▶ **What is being asked**
Line by line, retype the material exactly and leave each picture out.

▶ **Given data**
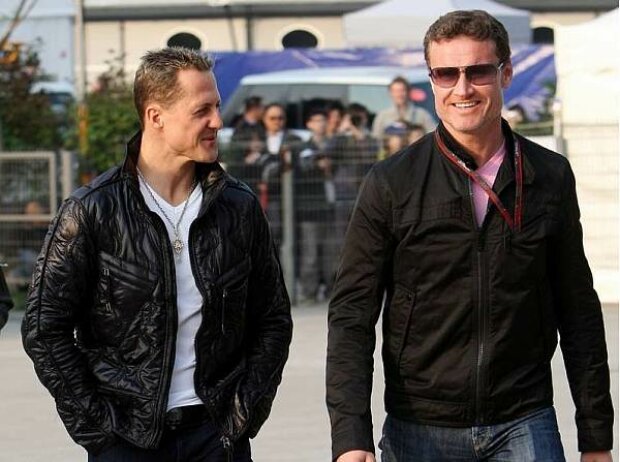 David Coulthard, Michael Schumacher David Coulthard, Michael Schumacher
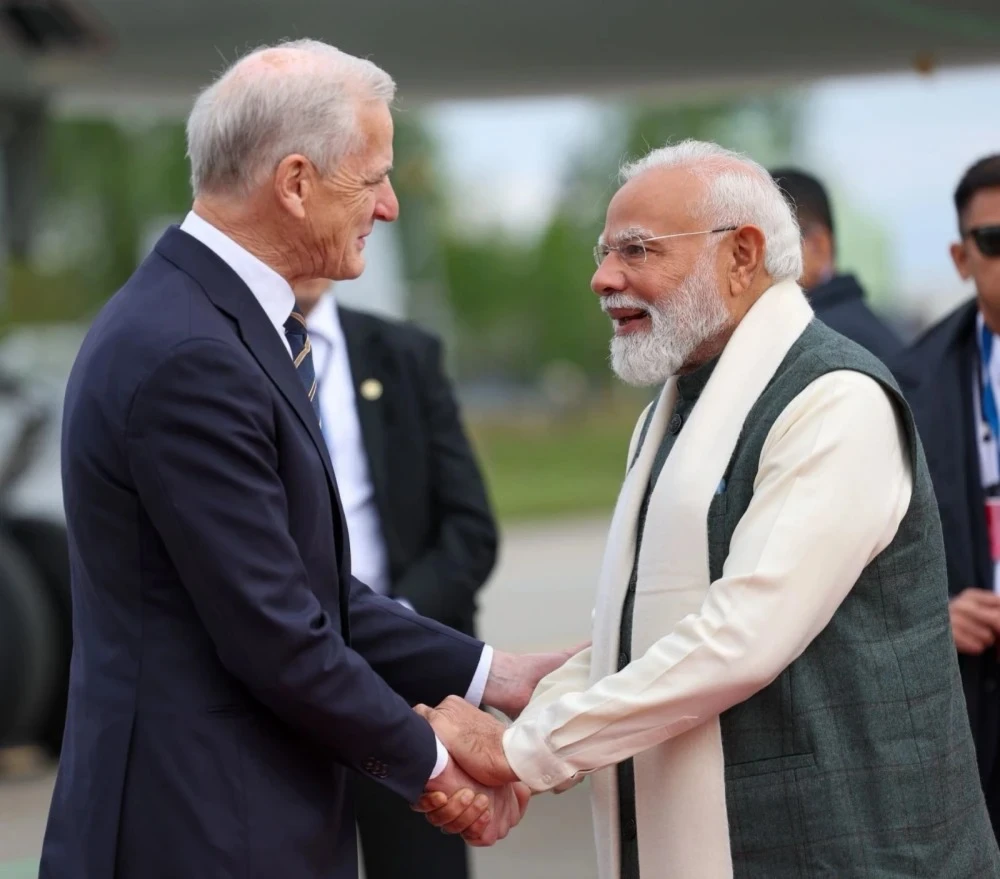 PM Modi Norway Visit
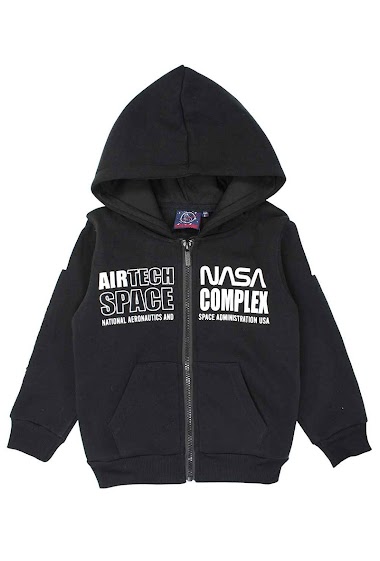 Wholesaler Nasa - Nasa Hooded jacket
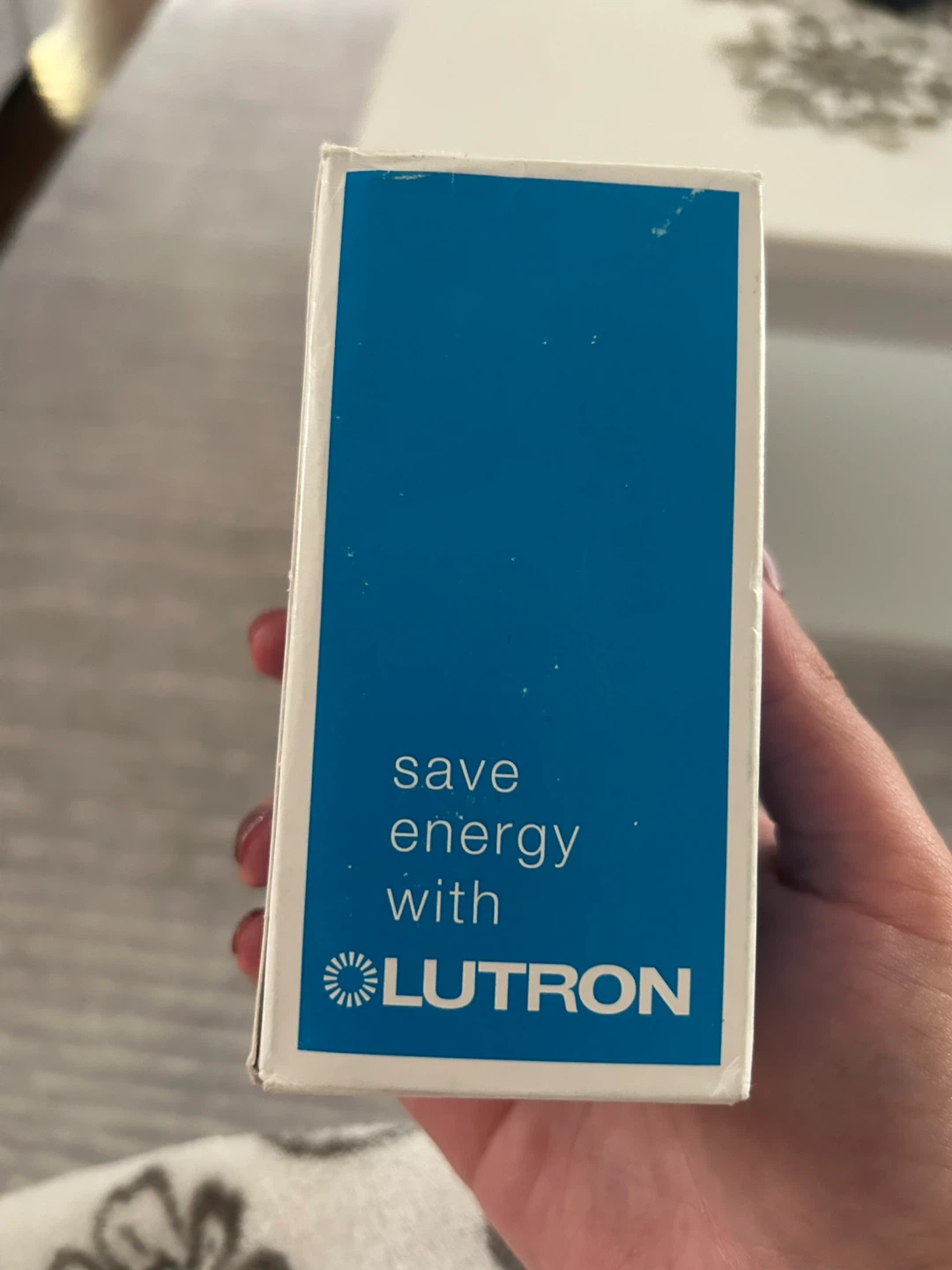 Open box not used Lutron Lighting Control System Components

▶ **Task result**
 David Coulthard, Michael Schumacher David Coulthard, Michael Schumacher
 PM Modi Norway Visit
 Wholesaler Nasa - Nasa Hooded jacket
 Open box not used Lutron Lighting Control System Components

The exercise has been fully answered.